The Town of Normal is asking a federal judge to deny a motion to temporarily block the demolition of buildings in Uptown Normal amid a legal battle with artists over the town mural.

Last month, a group of 13 artists filed a lawsuit seeking to halt the pending destruction of a mural at the town-owned 104 E. Beaufort, formerly known as The Pod. The building is one of several slated for demolition to make way for the $30 million Trail East mixed-use development.

The mural was painted in 2011, soon after The Pod leased the building. The town said the building was leased with the understanding it would be demolished at a later date.

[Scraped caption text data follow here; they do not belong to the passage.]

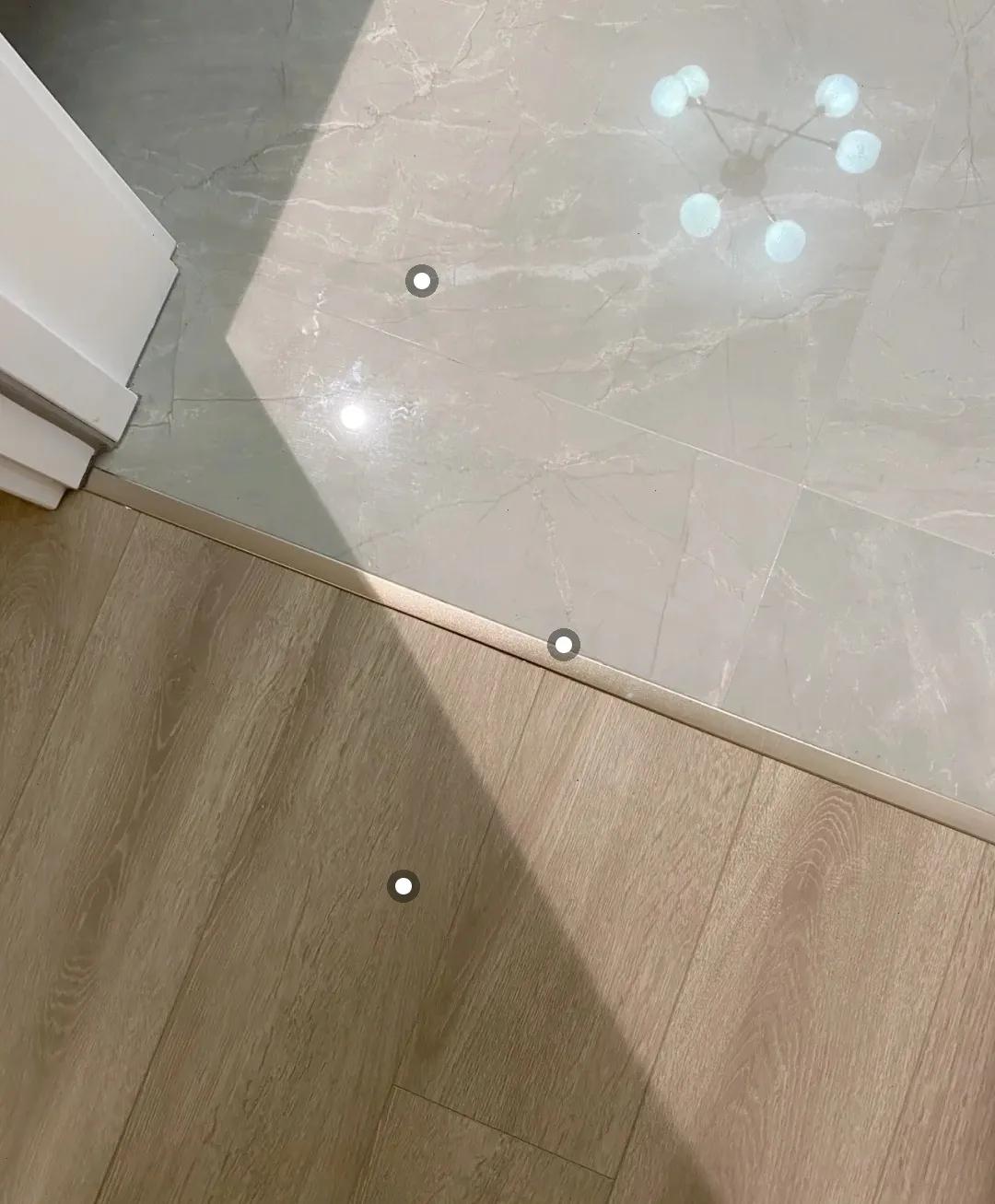 家用木地板选择哪种比较实用一些,家用木地板怎样选择最实惠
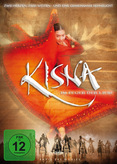 Kisna - Im Feuer der Liebe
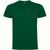 Dogo Premium T-Shirt für Herren (Bild 3)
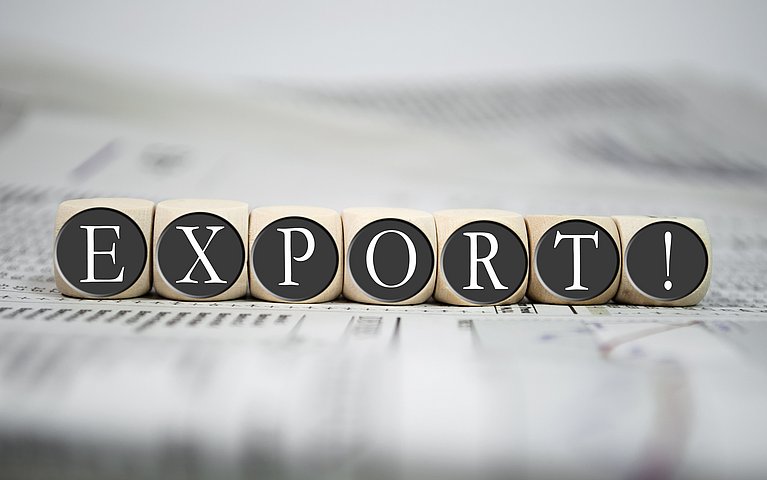 Outlook Verteilerlisten nach Excel exportieren Datei, Kontakte, Adressen, Kontaktgruppe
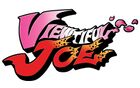 Viewtiful Joe.jpg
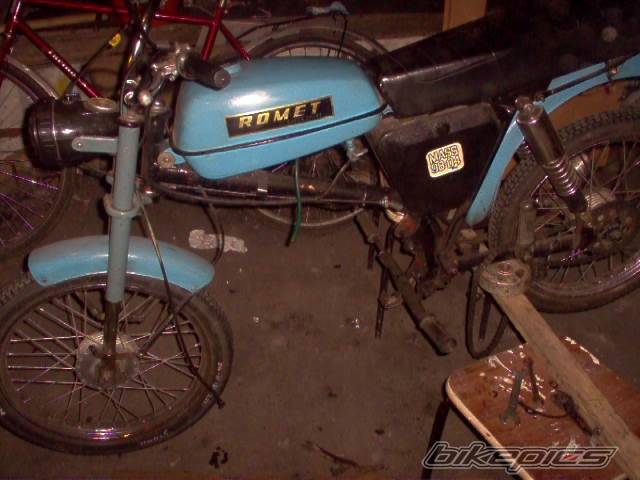 Photo 485584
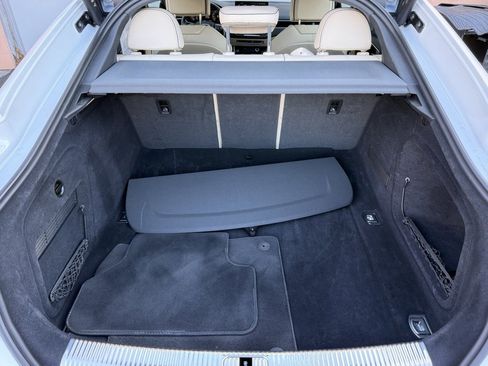 Used 2024 Audi A5 2.0T Premium Plus image 16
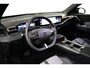 Opel Grandland 1.6 Turbo Plug-in-Hybrid GS | Afneembare trekhaak | Panoramadak | Navigatie | Matrix LED | Winterpakket |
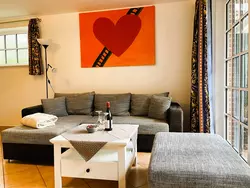 Bild zur gratis inserierten Ferienwohnung Ferienhaus-1725046.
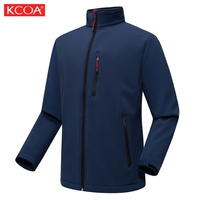 Haute qualité adultes femmes coupe-vent surdimensionné Logo personnalisé noir fermeture éclair imperméable blanc automne randonnée veste souple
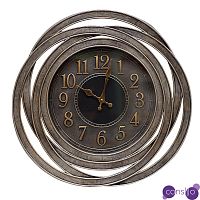 Часы Eligio Watch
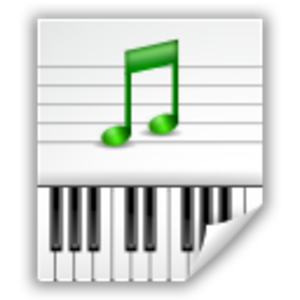 Audio-prs.sid.svg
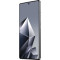 Смартфон INFINIX Note 50 8/256GB Shadow Black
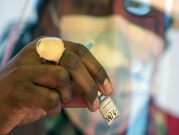 أفريقيا بحاجة لـ20 مليون جرعة لقاح ضد كورونا خلال الشهرين المقبلين 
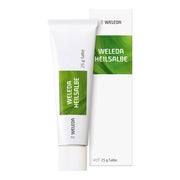 Produktabbildung: Weleda Weleda Heilsalbe 25 g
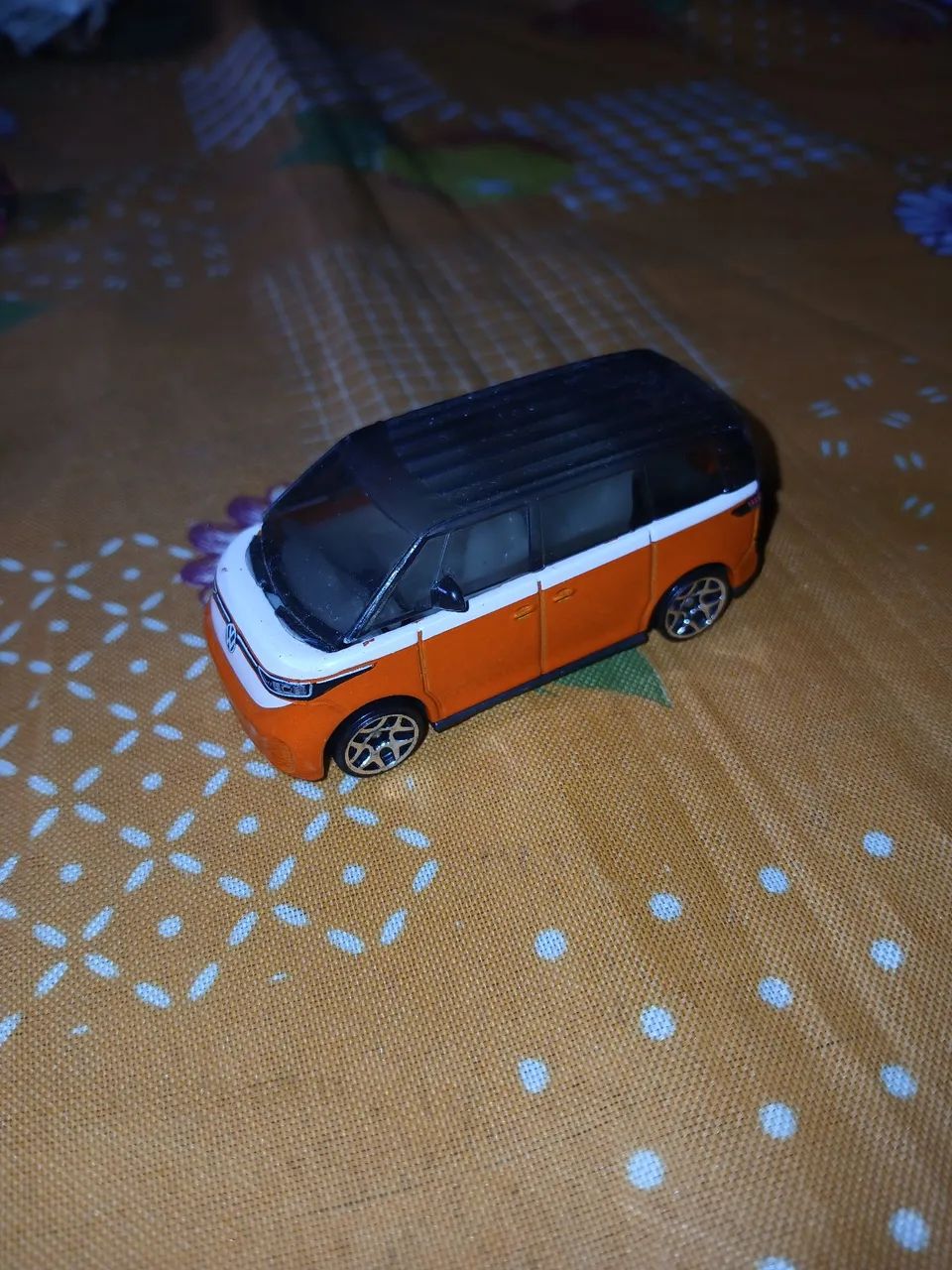 Carrinho hotwheels  - Foto 2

The lease was not renewed when it expired in 2017.

The plaintiffs said the destruction of the mural would violate their rights under federal copyright law, and are seeking a temporary restraining order protecting the buildings from demolition or modification, as well as monetary damages and attorneys’ fees.

The Town of Normal is proposing the relocation of the mural at a cost of just less than $100,000. The town said moving the mural wouldn’t violate the artists’ rights as copyright holders, because relocating the mural wouldn’t intentionally modify or destroy the mural.

Farnsworth Group sketch of the mural’s proposed move

“The potential loss of this project would result in a substantial hardship to the Town, whereas the moving of the mural, and action that seeks to preserve the mural itself, imposes no harm on the Plaintiffs,” wrote town attorney Caitlyn Culbertson.

Culbertson argued that the artists’ arguments are “meritless” given that the town is moving the mural, not destroying it.

Architects at Farnsworth Group found that while there is some minor damage to the brick and mortar wall over which the mural is painted, reinforcement of the wall with a steel frame prior to its move to a new site within 3 miles of its current location should preserve the mural. The building was constructed in 1900.

U.S. District Court Judge Billy Joe McDade ordered both parties to file supplemental briefs supporting their arguments, and set a new motion hearing for May 20.